According to Title VII of the Civil Rights Act of 1964, it is unlawful to harass a person (an applicant or employee) because of that person’s sex. Harassment can include “sexual harassment” or unwelcome sexual advances, requests for sexual favors, and other verbal or physical harassment of a sexual nature.
However, it should be known that sexual harassment can be both physical and psychological. Employees are also not allowed to harass another employee even if the incidents don’t take place on the employer premises.
Policies To Help Prevent And Address Sexual Harassment
Your company needs to have policies in place to address sexual harassment. More than ever, this is the time to take a look at your employee handbook and make sure it covers some of these basics:
- sexual harassment policy
- general harassment policy
- policy about how sexual harassment investigations are conducted in your company
All employees should be trained on how to handle sexual harassment, where they need to go to report it, and what steps will be implemented to make sure it’s resolved.
HR’s Role In Sexual Harassment
In some cases of sexual harassment, the employee being harassed never comes forward to report the abuse. Reasons can include shame, fear of losing their job, or destroying their reputation wihin the industry.
It’s important that, as a company, employees feel safe. A policy should be in place where employees trust that action will be taken when they report abuse. Long gone are the days when bad behavior gets a pass because of the position or job ranking of the accused. Each reported claim must be taken seriously with appropriate action taken to resolve the issue.
There are some steps HR can take to help create a safe environment for a zero-tolerance for sexual harassment in the workplace.
It’s HR’s job to treat all reports, concerns, and investigations with confidentiality, although the name of the complainant is usually revealed to the person they are making the claims about.
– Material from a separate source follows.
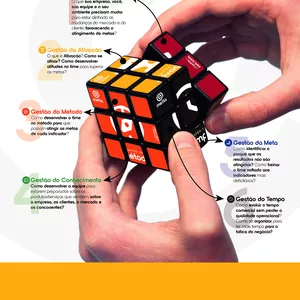 Imagem de capa para o Curso online [Extensão 1 ano] As 6 Gestões da Meta Batida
During this process however, it’s important that the complainant doesn’t suffer any kind of retaliation and the details of the case are kept as confidential as possible.
Take Proper Action
The media has reported cases where incidents of sexual harassment have been reported to HR or other higher officials and there was never any action taken. Follow your own guidelines. Make sure that every complaint is taken seriously and the proper steps to resolve the issue are followed.
- Notifying the police if criminal activities are alleged.
- Arranging for an investigation of the alleged harassment and the preparation of a written report.
- Submitting a written report summarizing the results of the investigation and making recommendations to designated company officials.
- Notifying the complainant and the respondent of the corrective actions to be taken, if any, and administering those actions.
Cultural Change Will Help Improve Policy Change
Having a zero-tolerance policy in place is a great start. It’s in the best interest of every company to fully ensure their own safety and protection, as well as the same of their employees and their well-being. However, as a culture, there is more to be done.
Take a look at your company culture as a whole. What kind of working environment do you condone? What sort of leadership skills are carried throughout your company and how does that trickle down the system?
Make sure your company enforces its sexual harassment policies at all times and not just when there is a crisis.